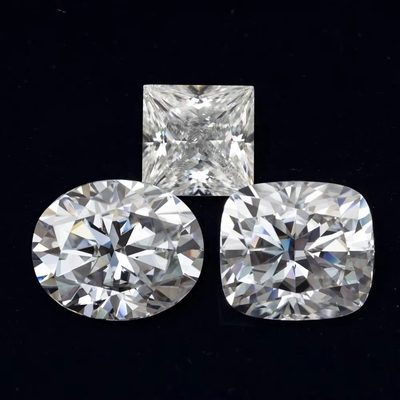 DEF Colore Moissanite VVS Pass Diamante Tester Pietra di Moissanite Ovale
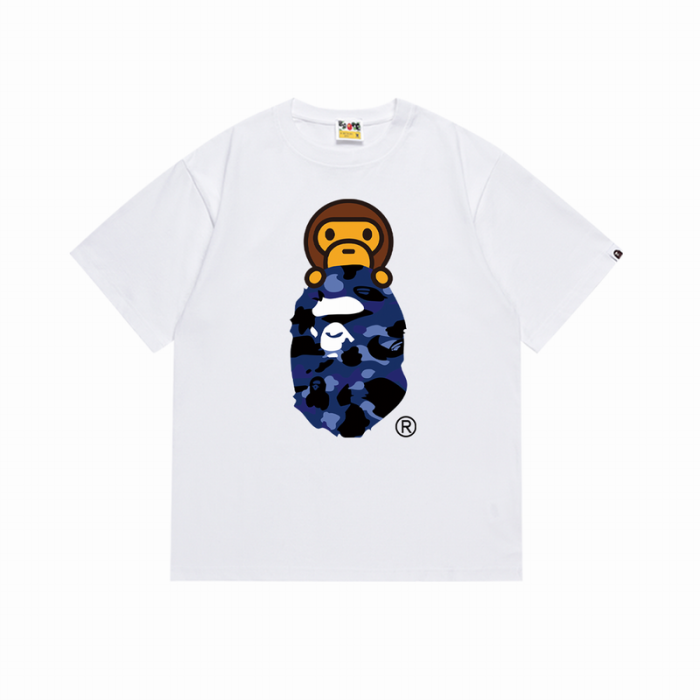 B*ape T-shirt Top Quality Qiqi 20240719-4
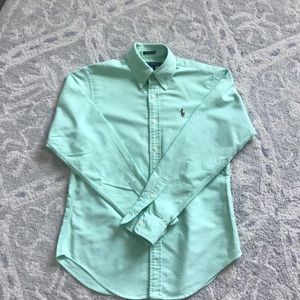 Polo By Ralph Lauren Long Sleeve Button Down Shirt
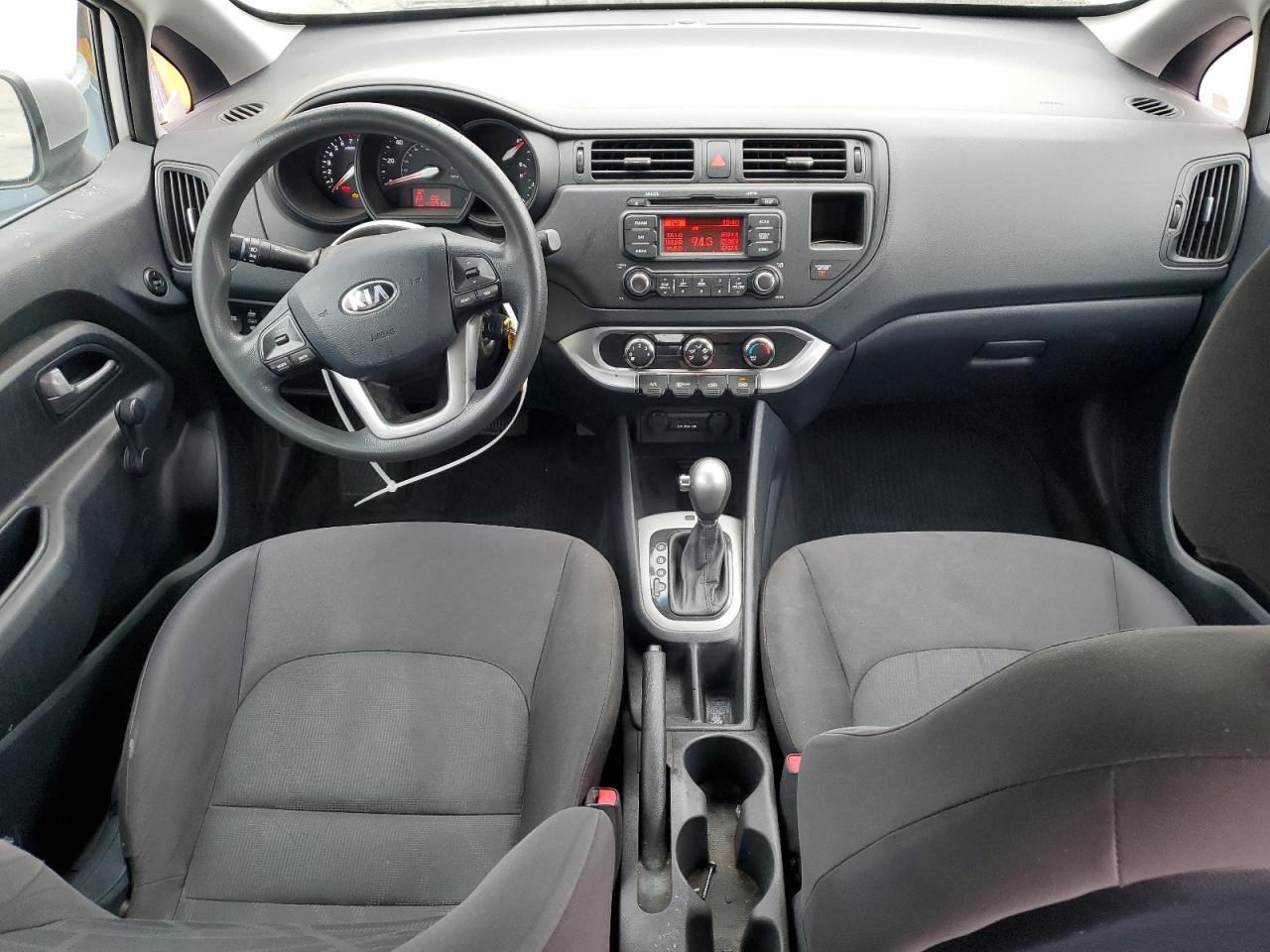 KNADM4A33E6348219 2014 Kia Rio Lx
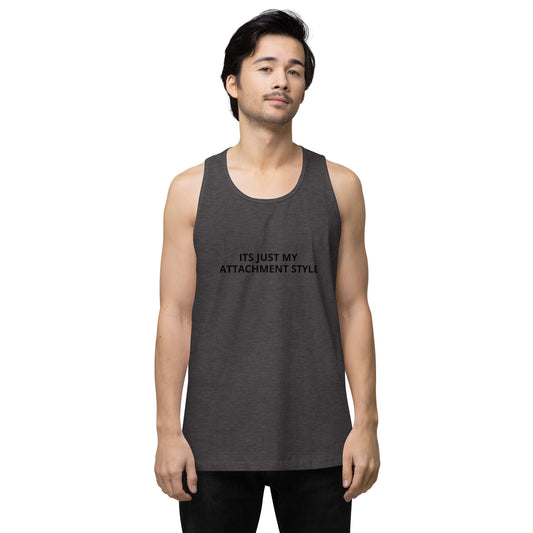 Attachment style tank top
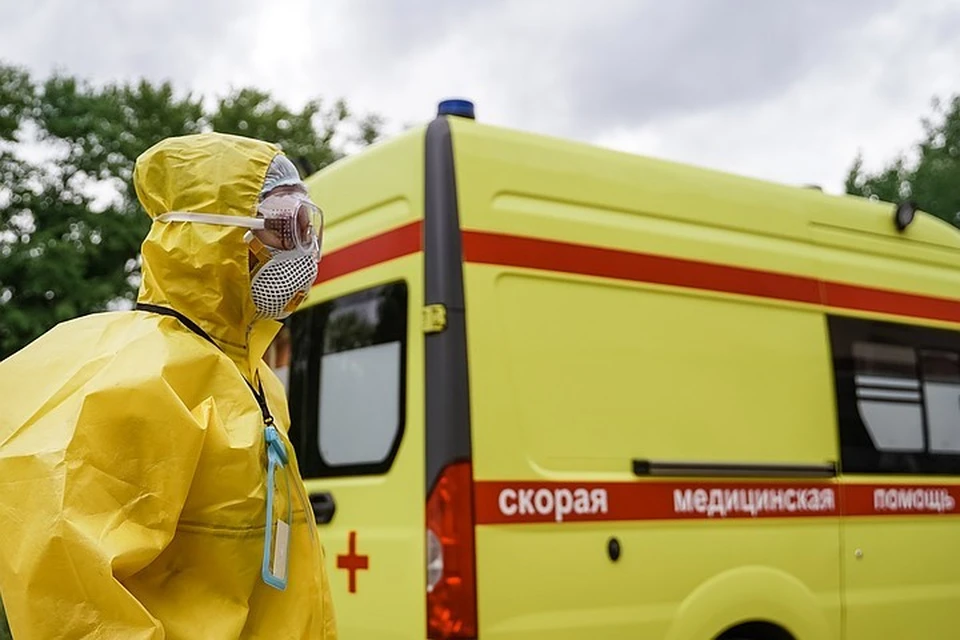 В России за сутки выявлено 8 672 случая коронавируса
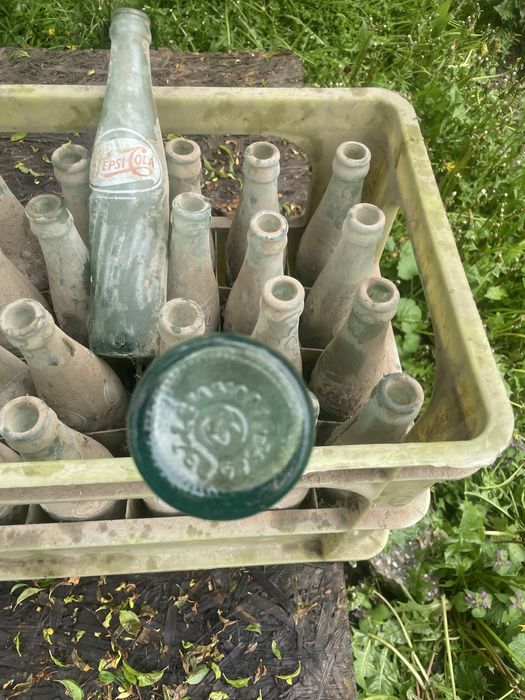 Sticle  Pepsi anii ‘80 pentru colectie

*EXERCISE INSTRUCTIONS:* Everything in the records above must be repeated exactly, except the pictures.

*ANSWER SECTION:*
 DEF Colore Moissanite VVS Pass Diamante Tester Pietra di Moissanite Ovale
 B*ape T-shirt Top Quality Qiqi 20240719-4
 Polo By Ralph Lauren Long Sleeve Button Down Shirt
 KNADM4A33E6348219 2014 Kia Rio Lx
 Attachment style tank top
 В России за сутки выявлено 8 672 случая коронавируса
 Sticle  Pepsi anii ‘80 pentru colectie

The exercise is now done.